One cannot help but feel that a great deal of the material in the Berryman manuscript collection may yet merit publication and, indeed, Berryman’s later “drafts and fragments” may one day be viewed with the same kind of critical attention now commanded by the late unfinished works of Pound in particular. On the matter to hand, however, there can be no doubt that Berryman’s papers offer further clarification of his 1966-7 trip to Dublin and his impressions of the people he met there. Contrary to the account given by John Montague and the myth it has helped to propagate, John Berryman did not have a “positively happy” time in Dublin. “Berryman is the only writer I have ever seen for whom drink seemed to be a positive stimulus”, he writes in ‘Henry in Dublin’, taking the kind of approach to literary production one might expect from a member of an undergraduate literary society. Montague, it would seem, was more taken in by the boozy and pretentious literary Dublin of the 1960s than the American visitor. Of course, Montague is not the only writer who has sought to provide a romantically refracted version of Berryman’s experiences in, and of, Dublin. Berryman himself played up the role of the bard with an insatiable appetite for liquor when Jane Howard and Terence Spencer came to Dublin to do a Life magazine presentation of the blustering “whiskey and ink” poet in 1967. Berryman’s dissatisfaction with the scene he encountered in Dublin, however, was not presented there, though it has been illustrated elsewhere – in Dream Song 321, for example, where he criticises the “brainless senators” and various unnamed “enemies of Joyce & Swift,/ enemies of Synge,// enemies of Yeats & O’Casey”, and in letters such as that dated 2 January 1967, included in Richard Kelly’s selection, where he wrote “I’m tired of Dublin; [there’s] no genius here”.

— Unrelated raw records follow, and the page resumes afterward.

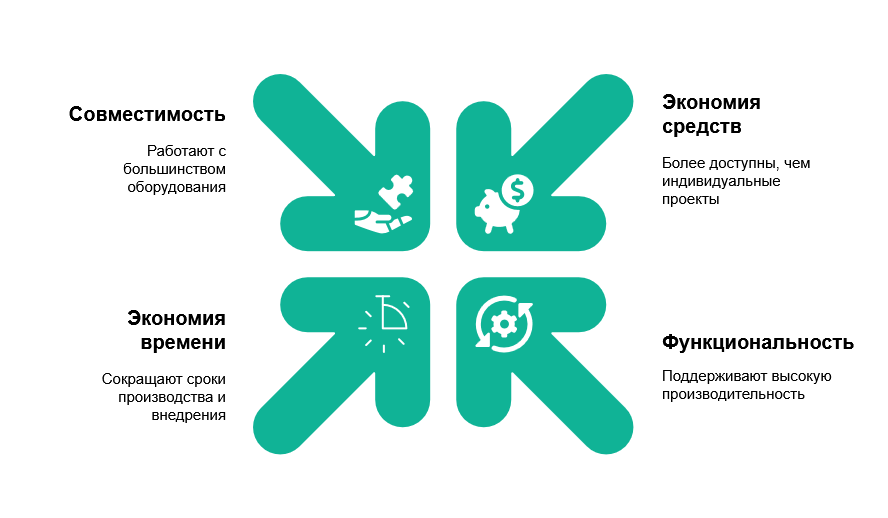 Автоматизация без головной боли: почему типовые решения — это не компромисс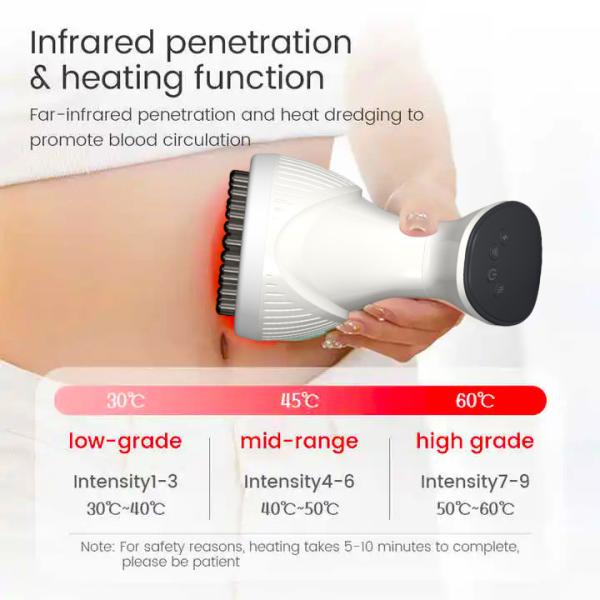 Home Electric Microcurrent EMS Massage Device Handheld Anti Cellulite Meridian Massage Brush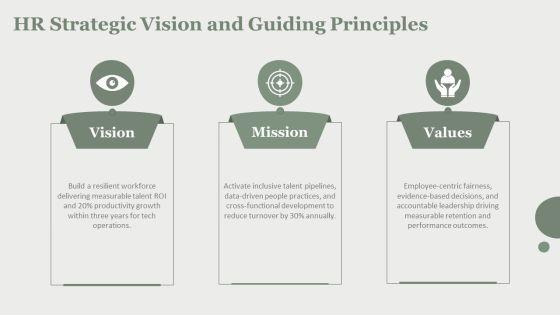 HRM Training Manual PPT PowerPoint VM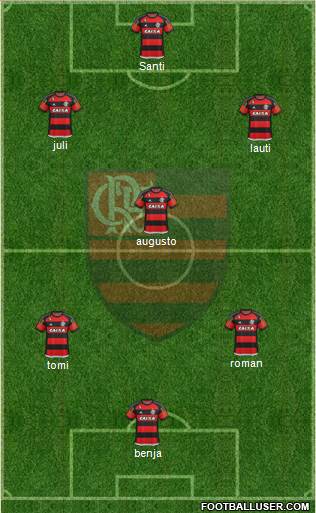 CR Flamengo Formation 2016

The previously unpublished poems that have recently appeared in the TLS (30 April 1999) and Metre 6 offer further evidence of Berryman’s unhappiness in Dublin. In the second of the three pieces published in the TLS, ‘A fire, a drink, a cigarette, a fire’, Berryman conjures an image of desperate solitude, far from the madding crowd of a Dublin pub, “while nightly affright him the horrible cliffs in the end/ & the meaningless penis-harden”. Similarly, in the pieces printed in Metre, we can see that Berryman was far from impressed with either the Dublin literary set or the Irish social set-up: as he wrote in one previously unpublished Dream Song, a verse-letter to his friend William Meredith now available in Metre: “Brace yourself, William: you have a country before you,/ uncivilised”. Berryman severely doubted the kinds of assumptions about his work and his way of working indicated by Montague’s remarks. As he wrote in one of the manuscript pieces recently published in Metre, “every time most people praise me/ I figure there must be something wrong with my style/ trudging away at perfection”. So much for Berryman’s estimation of the local talent and certain of his new-found companions’ powers of critical appraisal.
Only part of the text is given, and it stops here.